Build a PyTorch ReLU Kernel with Hugging Face Kernels (CPU + Metal)
HuggingFace
Overview
This video introduces the Hugging Face Kernels library, a tool designed to simplify the building, packaging, and distribution of custom PyTorch kernels. It explains the library's purpose: to provide a standardized interface for kernel implementation and a seamless way for users to access pre-compiled kernels without complex installation processes. The presenter walks through the end-to-end workflow, demonstrating how to build a ReLU kernel for both CPU (ARM Neon) and Metal (Apple GPU) backends. The demonstration highlights the kernel builder's ability to handle cross-platform compatibility and integration with PyTorch's `torch.compile`. The video emphasizes the benefits of this approach, such as avoiding naming conflicts, enabling multiple kernel versions, and abstracting away build complexities like CMake errors for end-users.
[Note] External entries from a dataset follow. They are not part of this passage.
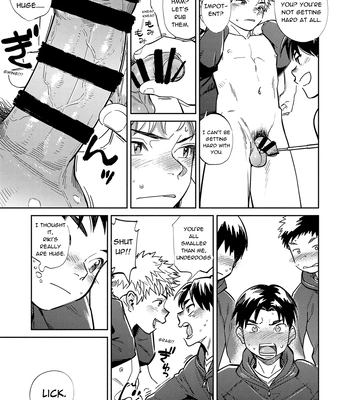 [Shounen Zoom (Shigemaru Shigeru)] Gekkan Shounen Zoom 2023-10 [Eng] – Gay Manga sex 11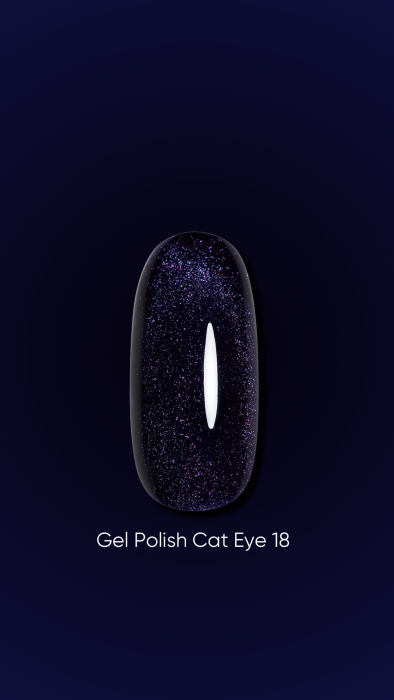 DARK GEL POLISH CAT EYE 18, 6 ML, фото 1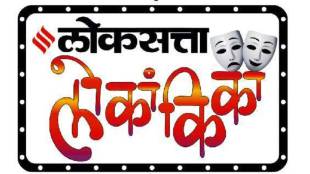 opportunity to ask questions directly to geetanjali kulkarni director hrishikesh joshi through web chat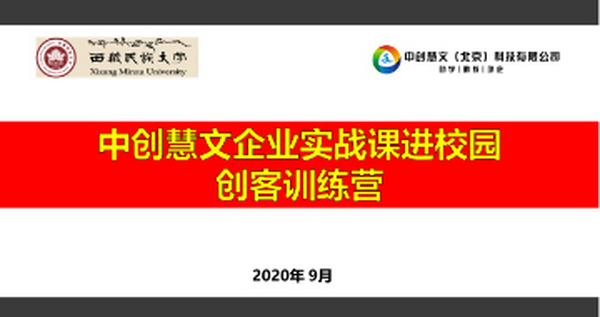 中创慧文企业实战课——走进西藏民族大学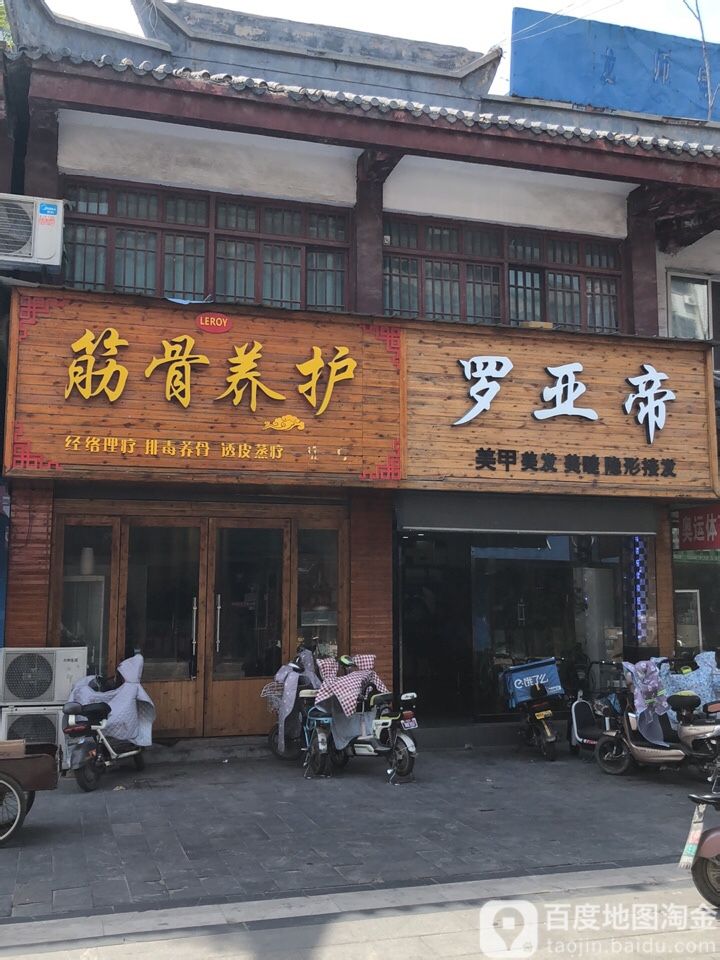 罗亚帝美容美发(汉街店)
It concludes with a brief look at the documentation for further exploration.
Save this permanently with flashcards, quizzes, and AI chat
Chapters
- Overview of the Hugging Face Kernels library and its purpose.
- Demonstration of a simple workflow for building and using a custom kernel.
- Explanation of the library's role as a standardized interface for kernel development.
- Kernels are distributed as artifacts, not pip-installed packages, allowing for flexible versioning and deployment.
- Three main user groups: kernel users, kernel builders, and kernel explorers.
- Users can pip install the `kernels` package to download and use pre-built kernels.
- The `kernel_builder` tool helps package and standardize kernel development.
- A community repository on Hugging Face Hub hosts state-of-the-art pre-compiled kernels.
- Portability: Kernels can be stored on Hugging Face Hub, local disk, or private networks.
- Version Management: Easily manage multiple versions of the same kernel without naming conflicts.
- Cross-Platform Compatibility: Simplifies building kernels for different Python, PyTorch, and hardware versions (CPU, CUDA, Metal).
- Reduced Build Complexity: Aims to eliminate CMake errors for users and developers.
- The goal is to go from source code (e.g., C++, CUDA) to compiled artifacts on Hugging Face Hub.
- The `kernel_builder` handles compliance across versions and hardware.
- Kernels registered as native PyTorch extensions are compatible with `torch.compile`.
- The `kernel_builder` uses Nix for isolated, deterministic builds with caching.
- Focus on building a ReLU kernel for CPU (ARM Neon) and Metal (Apple GPU).
- CPU implementation uses Neon intrinsics for acceleration.
- Metal implementation includes kernels for half and full float precision.
- PyTorch extension registration bridges C++/Metal/CUDA code with Python.
- The `build.yaml` file defines the kernel name, target backends (CPU, Metal), and dependencies.
- The `kernel_builder` generates the necessary build outputs.
- Leverages Hugging Face cache for pre-built artifacts, speeding up the build process.
- The build process generates compiled `.so` files and `ops` files for Python integration.
- Using `get_local_kernel` to load the built ReLU kernel from a local directory.
- The library automatically selects the correct kernel based on the runtime environment (PyTorch version, hardware).
- Demonstration of applying the ReLU kernel to a tensor on the Apple GPU.
- Verification that negative values are zeroed out and positive values remain unchanged.
- Recap of the Hugging Face Kernels library's benefits.
- Encouragement to explore the official documentation for more examples and features (e.g., layers).
- Invitation for questions and further contact.
Key takeaways
- The Hugging Face Kernels library simplifies the creation and distribution of custom PyTorch kernels.
- Kernels are managed as portable artifacts, not traditional pip packages, enabling flexible versioning and deployment.
- The `kernel_builder` tool standardizes the development process and handles cross-platform compilation (CPU, Metal, CUDA).
- Using the library abstracts away complex build configurations (like CMake) for end-users.
- Kernels built with this system integrate seamlessly with PyTorch's `torch.compile`.
- The library automatically selects the appropriate pre-compiled kernel based on the user's hardware and software environment at runtime.
- This approach resolves potential naming conflicts when using multiple versions or types of the same kernel.
- The documentation provides valuable resources for users interested in leveraging or contributing to the kernels ecosystem.